Once more the Manics were to make a major shift in their approach for their sixth album, Know Your Enemy, released in March 2001. Their dramatic alteration in focus had been strongly hinted at with their 2000 UK #1 single ‘The Masses Against the Classes’; responding to criticisms that This Is My Truth had been too soft and melodic, it was an electrifying return to back-to-basics, politicised rock, bookended with the kind of quotes that had been rife on The Holy Bible. But while Know Your Enemy would follow in these footsteps, the full story of the album is significantly more complex.

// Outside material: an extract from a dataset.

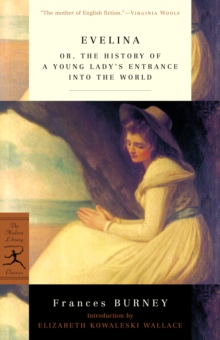 Image for Evelina: The History of a Young Lady's Entrance into the World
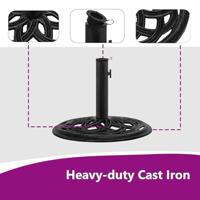 VidaXL Parasolvoet 44x44x31 cm gietijzer zwart - thumbnail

On closer inspection, the sixth LP has two broad focuses or modes. On the one hand, it is – like ‘Masses’ – a determined return to political songwriting in a heavy rock style that was back-to-basics and yet very different to early years Manics. On the other hand, Know Your Enemy feels like the Manics’ effort at a genre-shifting, lengthy magnum opus in the vein of The Beatles or particularly The Clash’s London Calling. The combination of these two approaches produces something which, despite KYE‘s muted commercial success and fan recognition, is actually quite remarkable. Deeply personal lyrics rub shoulders with aggressive politics, raw, stripped-down rock is mixed with elaborate genre experiments which at times border on pastiche. And the result is an album which is inherently, perhaps necessarily, inconsistent and spread across a huge sixteen songs and 75 minutes (indeed, it was originally planned as a double album).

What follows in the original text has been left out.